The moon effects much of our emotions. Do you ever notice that at full moon time everyone seems to be just a bit on edge? Or some people feel full of their power at the full moon time. Rituals are often preformed at this time of the month as the full range of emotions can be felt because of the pull of that little globe in the sky.
So having just peaked at the Dark moon time I am conflicted with some feelings that are intense even for this Empath. Dark moon or new moon can be a time to plant an new seed. A time for beginnings. The over all feel of the New moon is that of fresh starts. Everyone feels good about that. However it is not this face of the moon that I feel today.
The Dark moon is more of a realization process of things that you need to let go of. Things that the full moon brought to light and now you must clear them. It is not the beginning the New moon invokes, its the ending that the death card in the Tarot promises.
I am in disgust with some life path choices that had almost taken me out of the game of growth. The paths that hook you in and keeps you held in a bubble of illusion. The fairy realm not honored.
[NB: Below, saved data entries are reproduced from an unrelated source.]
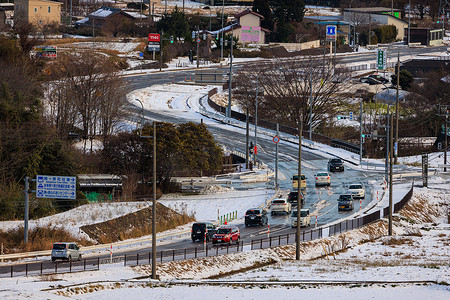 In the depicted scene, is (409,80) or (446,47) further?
(446,47)

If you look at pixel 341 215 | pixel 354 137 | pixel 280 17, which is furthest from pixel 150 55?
pixel 341 215

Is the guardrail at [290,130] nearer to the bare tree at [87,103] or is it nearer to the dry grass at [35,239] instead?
the bare tree at [87,103]

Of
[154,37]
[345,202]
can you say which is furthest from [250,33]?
[345,202]

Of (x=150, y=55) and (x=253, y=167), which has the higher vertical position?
(x=150, y=55)

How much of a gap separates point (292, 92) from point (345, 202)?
48.4 m

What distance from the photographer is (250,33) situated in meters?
172

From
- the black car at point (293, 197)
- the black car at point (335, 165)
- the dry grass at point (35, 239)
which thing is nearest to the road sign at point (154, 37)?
the black car at point (335, 165)

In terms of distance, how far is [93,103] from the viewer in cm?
9100

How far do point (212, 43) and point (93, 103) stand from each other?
8192 cm

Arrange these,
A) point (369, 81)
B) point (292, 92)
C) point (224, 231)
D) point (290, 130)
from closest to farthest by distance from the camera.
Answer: point (224, 231) → point (290, 130) → point (292, 92) → point (369, 81)

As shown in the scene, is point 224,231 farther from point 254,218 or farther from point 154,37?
point 154,37

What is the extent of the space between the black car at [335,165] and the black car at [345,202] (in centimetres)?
1675

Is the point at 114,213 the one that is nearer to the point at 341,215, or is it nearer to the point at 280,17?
the point at 341,215

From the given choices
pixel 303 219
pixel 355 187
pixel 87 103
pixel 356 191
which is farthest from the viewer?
pixel 87 103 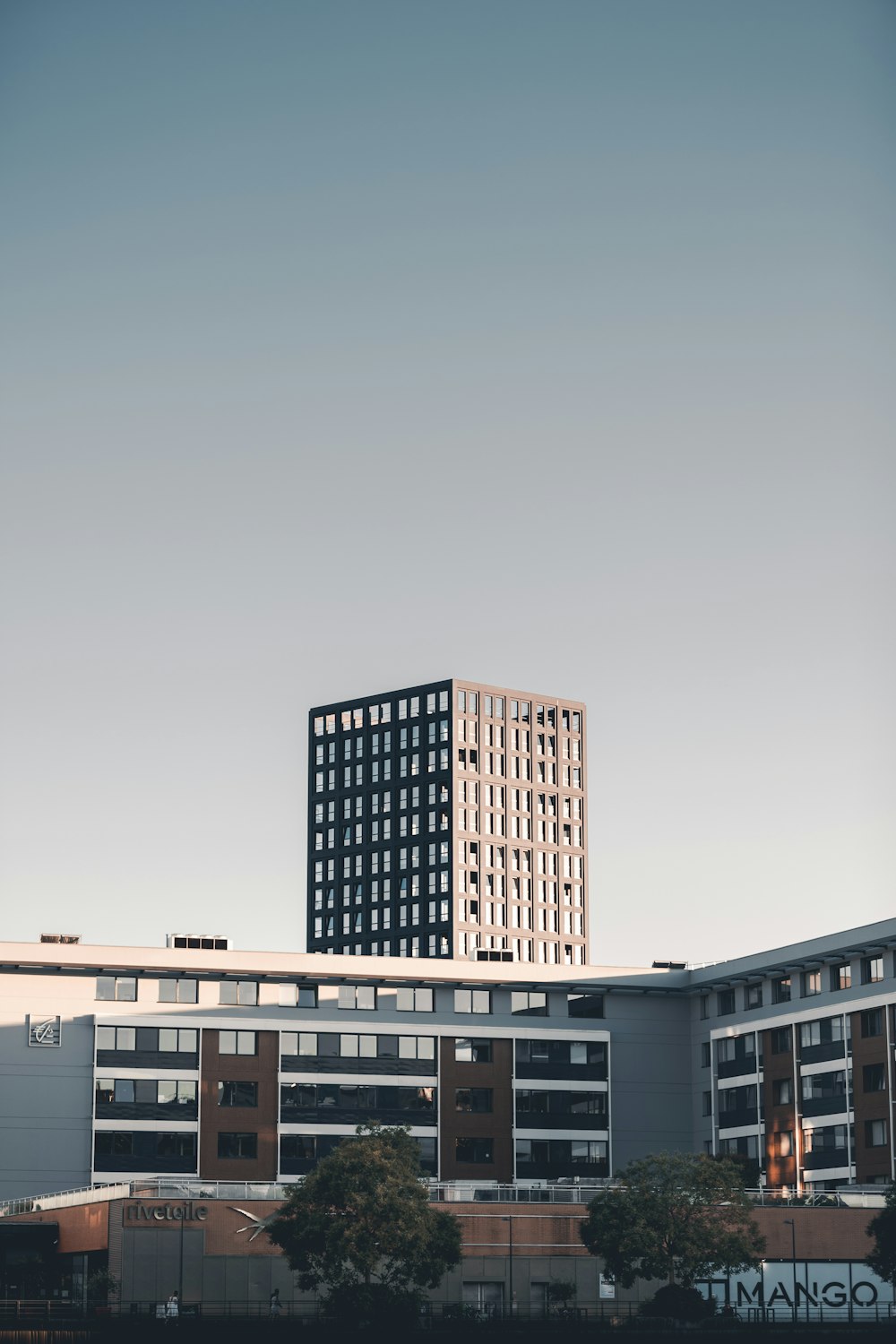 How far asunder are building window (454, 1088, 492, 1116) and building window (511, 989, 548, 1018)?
21.8ft

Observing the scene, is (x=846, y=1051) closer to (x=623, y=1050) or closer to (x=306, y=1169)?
(x=623, y=1050)

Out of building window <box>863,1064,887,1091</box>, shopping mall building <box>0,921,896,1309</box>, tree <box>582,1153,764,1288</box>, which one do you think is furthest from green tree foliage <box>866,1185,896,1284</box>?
building window <box>863,1064,887,1091</box>

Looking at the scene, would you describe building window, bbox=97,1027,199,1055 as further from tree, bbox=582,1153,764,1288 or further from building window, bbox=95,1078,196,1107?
tree, bbox=582,1153,764,1288

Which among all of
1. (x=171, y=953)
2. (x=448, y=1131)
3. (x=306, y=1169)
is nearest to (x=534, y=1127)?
(x=448, y=1131)

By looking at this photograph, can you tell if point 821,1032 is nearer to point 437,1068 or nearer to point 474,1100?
point 474,1100

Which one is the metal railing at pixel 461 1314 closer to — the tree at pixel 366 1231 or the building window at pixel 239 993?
the tree at pixel 366 1231

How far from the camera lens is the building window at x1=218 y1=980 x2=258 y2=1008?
474ft

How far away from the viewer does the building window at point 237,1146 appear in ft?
460

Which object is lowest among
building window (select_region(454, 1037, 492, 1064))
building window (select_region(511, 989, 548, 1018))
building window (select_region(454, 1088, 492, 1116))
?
building window (select_region(454, 1088, 492, 1116))

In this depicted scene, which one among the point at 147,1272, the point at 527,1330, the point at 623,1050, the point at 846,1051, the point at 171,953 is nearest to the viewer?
the point at 527,1330

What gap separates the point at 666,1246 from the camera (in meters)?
104

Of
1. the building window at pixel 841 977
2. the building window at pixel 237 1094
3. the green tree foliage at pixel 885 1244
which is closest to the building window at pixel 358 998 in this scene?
the building window at pixel 237 1094

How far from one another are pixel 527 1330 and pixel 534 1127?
5001 centimetres

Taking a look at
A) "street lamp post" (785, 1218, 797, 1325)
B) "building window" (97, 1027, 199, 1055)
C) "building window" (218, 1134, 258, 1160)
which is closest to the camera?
"street lamp post" (785, 1218, 797, 1325) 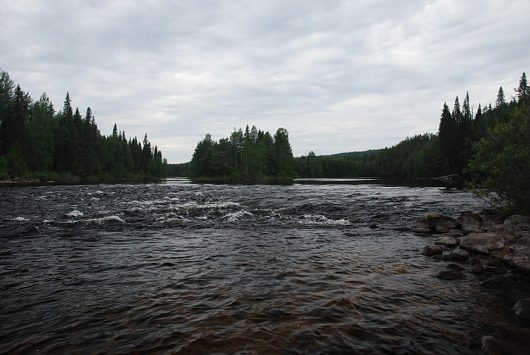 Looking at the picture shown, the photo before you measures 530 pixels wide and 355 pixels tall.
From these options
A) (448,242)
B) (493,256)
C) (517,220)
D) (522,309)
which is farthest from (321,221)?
(522,309)

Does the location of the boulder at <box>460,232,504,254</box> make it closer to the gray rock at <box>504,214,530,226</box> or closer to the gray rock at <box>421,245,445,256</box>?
the gray rock at <box>421,245,445,256</box>

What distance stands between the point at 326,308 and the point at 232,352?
2.60 m

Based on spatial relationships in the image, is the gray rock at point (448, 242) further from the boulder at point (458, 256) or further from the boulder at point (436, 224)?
the boulder at point (436, 224)

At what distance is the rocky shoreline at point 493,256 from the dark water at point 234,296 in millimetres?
296

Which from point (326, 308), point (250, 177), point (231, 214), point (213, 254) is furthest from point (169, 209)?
point (250, 177)

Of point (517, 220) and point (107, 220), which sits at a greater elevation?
point (517, 220)

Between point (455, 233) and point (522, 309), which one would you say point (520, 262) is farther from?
point (455, 233)

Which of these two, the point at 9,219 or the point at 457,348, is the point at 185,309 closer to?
the point at 457,348

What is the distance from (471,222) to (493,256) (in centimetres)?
488

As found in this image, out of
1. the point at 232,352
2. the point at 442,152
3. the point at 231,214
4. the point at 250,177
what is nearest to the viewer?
the point at 232,352

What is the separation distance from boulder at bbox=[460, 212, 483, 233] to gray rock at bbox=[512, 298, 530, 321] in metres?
8.46

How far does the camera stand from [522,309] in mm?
6887

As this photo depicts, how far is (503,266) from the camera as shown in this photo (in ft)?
33.0

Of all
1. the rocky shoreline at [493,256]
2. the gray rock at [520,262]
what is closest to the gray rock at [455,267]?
the rocky shoreline at [493,256] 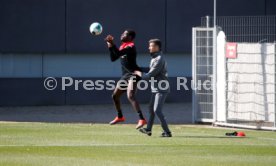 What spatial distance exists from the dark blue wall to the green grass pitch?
6190 millimetres

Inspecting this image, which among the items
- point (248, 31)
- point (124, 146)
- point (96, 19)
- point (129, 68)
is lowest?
point (124, 146)

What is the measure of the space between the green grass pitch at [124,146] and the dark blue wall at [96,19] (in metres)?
6.19

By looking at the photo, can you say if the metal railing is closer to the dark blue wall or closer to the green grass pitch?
the green grass pitch

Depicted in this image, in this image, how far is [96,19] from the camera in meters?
27.3

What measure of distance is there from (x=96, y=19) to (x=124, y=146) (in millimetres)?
11507

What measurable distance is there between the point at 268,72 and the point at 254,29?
263 cm

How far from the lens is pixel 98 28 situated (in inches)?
802

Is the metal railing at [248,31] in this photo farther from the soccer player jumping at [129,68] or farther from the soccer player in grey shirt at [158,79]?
the soccer player in grey shirt at [158,79]

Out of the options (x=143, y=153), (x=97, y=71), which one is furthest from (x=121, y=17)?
(x=143, y=153)

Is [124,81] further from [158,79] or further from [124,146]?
[124,146]

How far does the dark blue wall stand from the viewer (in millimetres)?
26344

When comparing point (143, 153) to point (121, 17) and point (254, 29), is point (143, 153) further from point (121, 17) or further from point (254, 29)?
point (121, 17)

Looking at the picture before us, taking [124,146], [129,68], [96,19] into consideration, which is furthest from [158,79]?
[96,19]

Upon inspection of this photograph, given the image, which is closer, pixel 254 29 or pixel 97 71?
pixel 254 29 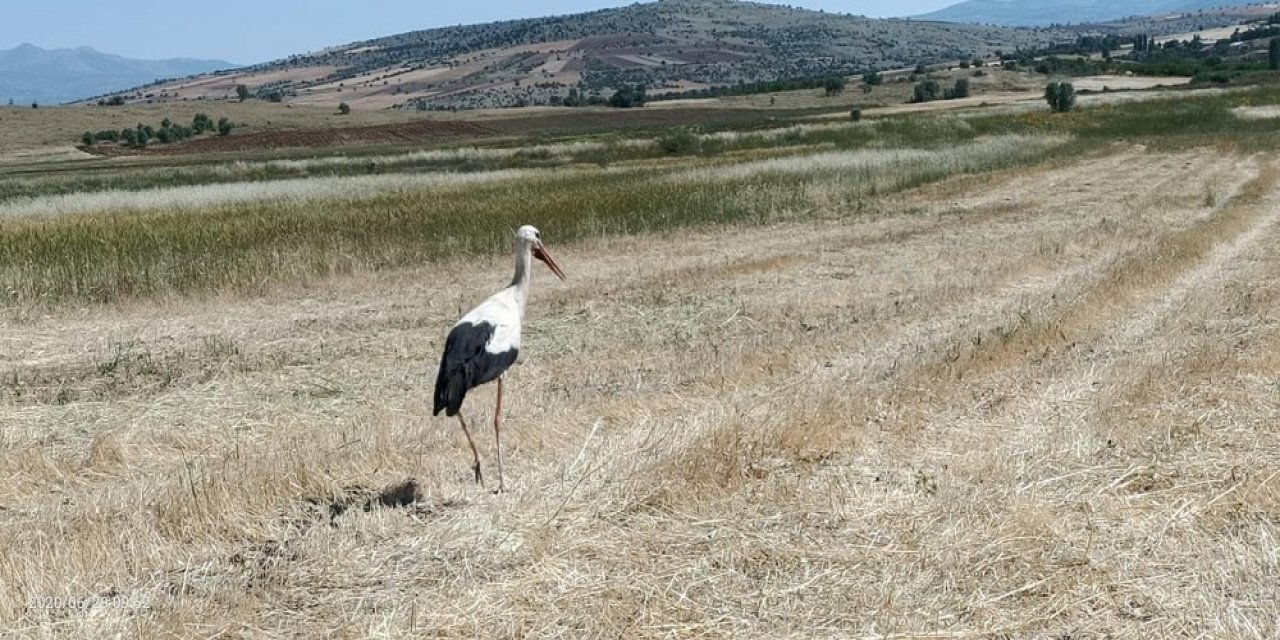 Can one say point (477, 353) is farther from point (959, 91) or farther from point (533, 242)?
point (959, 91)

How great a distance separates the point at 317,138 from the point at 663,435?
7742cm

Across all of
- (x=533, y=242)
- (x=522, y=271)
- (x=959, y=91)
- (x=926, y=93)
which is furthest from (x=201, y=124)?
(x=522, y=271)

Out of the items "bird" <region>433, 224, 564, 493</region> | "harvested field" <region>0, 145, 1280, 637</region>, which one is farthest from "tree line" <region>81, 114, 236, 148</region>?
"bird" <region>433, 224, 564, 493</region>

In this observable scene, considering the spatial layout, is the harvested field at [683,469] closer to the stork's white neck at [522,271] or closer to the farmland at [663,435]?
the farmland at [663,435]

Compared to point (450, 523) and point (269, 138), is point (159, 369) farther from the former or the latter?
point (269, 138)

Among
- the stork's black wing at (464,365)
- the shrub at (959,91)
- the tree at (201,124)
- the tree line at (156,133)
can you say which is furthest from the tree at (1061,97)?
the stork's black wing at (464,365)

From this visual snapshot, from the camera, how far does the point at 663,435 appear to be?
7.50 m

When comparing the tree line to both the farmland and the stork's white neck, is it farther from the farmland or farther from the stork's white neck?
the stork's white neck

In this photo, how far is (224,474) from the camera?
6.84 meters

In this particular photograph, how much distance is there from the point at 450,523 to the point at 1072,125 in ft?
168

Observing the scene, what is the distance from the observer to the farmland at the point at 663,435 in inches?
197

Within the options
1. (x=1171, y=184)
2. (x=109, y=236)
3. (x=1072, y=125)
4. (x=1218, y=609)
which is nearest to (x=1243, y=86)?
(x=1072, y=125)

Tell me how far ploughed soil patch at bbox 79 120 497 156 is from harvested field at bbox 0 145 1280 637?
217 feet

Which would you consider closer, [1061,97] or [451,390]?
[451,390] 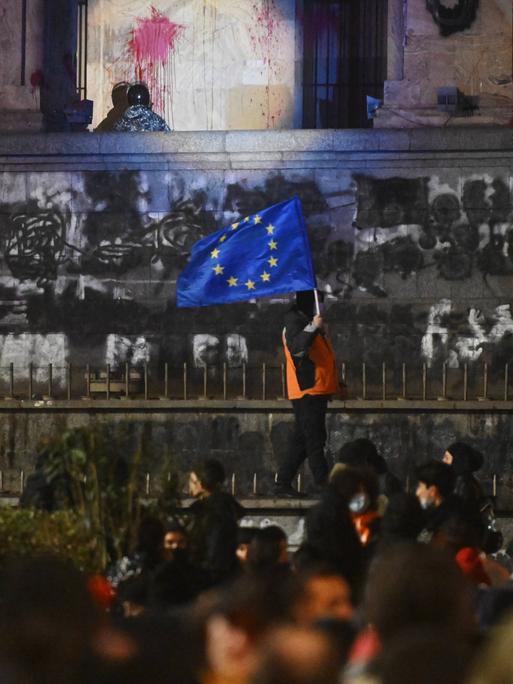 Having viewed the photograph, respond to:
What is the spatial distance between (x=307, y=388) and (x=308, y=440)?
0.45 meters

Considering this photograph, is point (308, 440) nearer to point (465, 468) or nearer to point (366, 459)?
point (465, 468)

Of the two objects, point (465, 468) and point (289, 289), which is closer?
point (465, 468)

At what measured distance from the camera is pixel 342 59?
26297 mm

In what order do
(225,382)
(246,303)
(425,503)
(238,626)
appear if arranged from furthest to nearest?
(246,303), (225,382), (425,503), (238,626)

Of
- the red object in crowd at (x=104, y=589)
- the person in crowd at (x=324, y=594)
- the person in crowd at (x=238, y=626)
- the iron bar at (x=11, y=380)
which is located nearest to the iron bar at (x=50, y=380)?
the iron bar at (x=11, y=380)

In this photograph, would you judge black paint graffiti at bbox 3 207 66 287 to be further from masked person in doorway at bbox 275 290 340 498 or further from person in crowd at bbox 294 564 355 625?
person in crowd at bbox 294 564 355 625

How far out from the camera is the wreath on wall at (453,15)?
846 inches

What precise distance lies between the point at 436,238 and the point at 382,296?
820 mm

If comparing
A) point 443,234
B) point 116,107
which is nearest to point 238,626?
point 443,234

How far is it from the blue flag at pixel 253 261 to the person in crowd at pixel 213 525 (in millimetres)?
4644

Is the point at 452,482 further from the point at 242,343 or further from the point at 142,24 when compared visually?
the point at 142,24

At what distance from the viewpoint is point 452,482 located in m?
11.6

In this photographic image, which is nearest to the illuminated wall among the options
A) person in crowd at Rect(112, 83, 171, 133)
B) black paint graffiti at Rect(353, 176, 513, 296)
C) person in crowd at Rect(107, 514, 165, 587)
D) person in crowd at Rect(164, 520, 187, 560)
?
person in crowd at Rect(112, 83, 171, 133)

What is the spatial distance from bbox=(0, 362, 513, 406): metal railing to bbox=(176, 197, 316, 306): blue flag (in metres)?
2.35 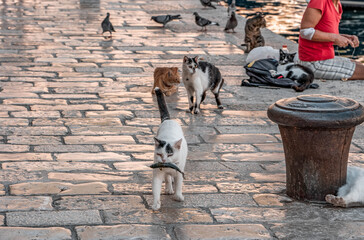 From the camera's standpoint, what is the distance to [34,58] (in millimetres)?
10125

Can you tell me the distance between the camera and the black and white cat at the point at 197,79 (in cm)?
708

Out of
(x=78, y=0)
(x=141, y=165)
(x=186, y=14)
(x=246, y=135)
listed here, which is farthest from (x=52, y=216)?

I never did make the choices I dreamt during my sleep. I never went to the pits of that hell. But I could have. And maybe would have if things were different.
The feelings that this letting go process the Dark moon has me gripped in are sickening to me. Truly fully disgusting to the person I am today, but the person in the dream was me and the choices I was way to close to making seven years back and then again cycled just four months back. I awoke thinking I woke INTO a nightmare. The feelings stayed all day.
This is why I write and am about to rant now.
Where in the white light, feel love all the time, world, of the new age healers, does darkness fit?
I have a million ways today to get out of these feelings. I can call a friend. I can go into meditation. I can pull a few yoga poses. I can run on a treadmill, go for a walk or have a calming glass of wine. I can do all these things to switch my mood over. But why??
I can understand if I was in this mood for days and was not sure why I was there, then I would need to pull the life line and call a friend. But I know why I felt disgusting and as much as I dislike the feeling.... I feel I need to stay present with these feelings.
As a healer I am beginning to realize I know how to instantly medicate myself.
I used to use drugs but now I pull out a healing card instead. Run Reiki, practice some chants and then a few hypnosis tricks and I am right as rain. Stuff gone lesson learned. I have been taught that we do not need to feel pain. And in truth we absolutely do not.
Is there a difference however between pain and suffering? I think we can all agree there is. Today I am not suffering. But feeling a deep pain of a choice I came so damn close to making that would have set me on a very very very very different path then I am on today.
The dark moon is giving me permission for a few days to really feel what that means to me. To my daughters. To my friends. I am here because of the deep disgust I feel over that terrible dream and the reality that I could have awoke to that truth.
Sometimes we need to not white light our feelings away and stay present with them. It is these moon phases that allow us to feel in the moment and not have to wait till Poor Aunt Sally kicks the bucket, to let out the dark emotions.
The Dark moon is for those that need to let go of something. The New moon is all the other months that you plant buckets of seeds and have fun at full moon to see what sprouts.
This full moon, I expect nothing but Peace in my planters pot.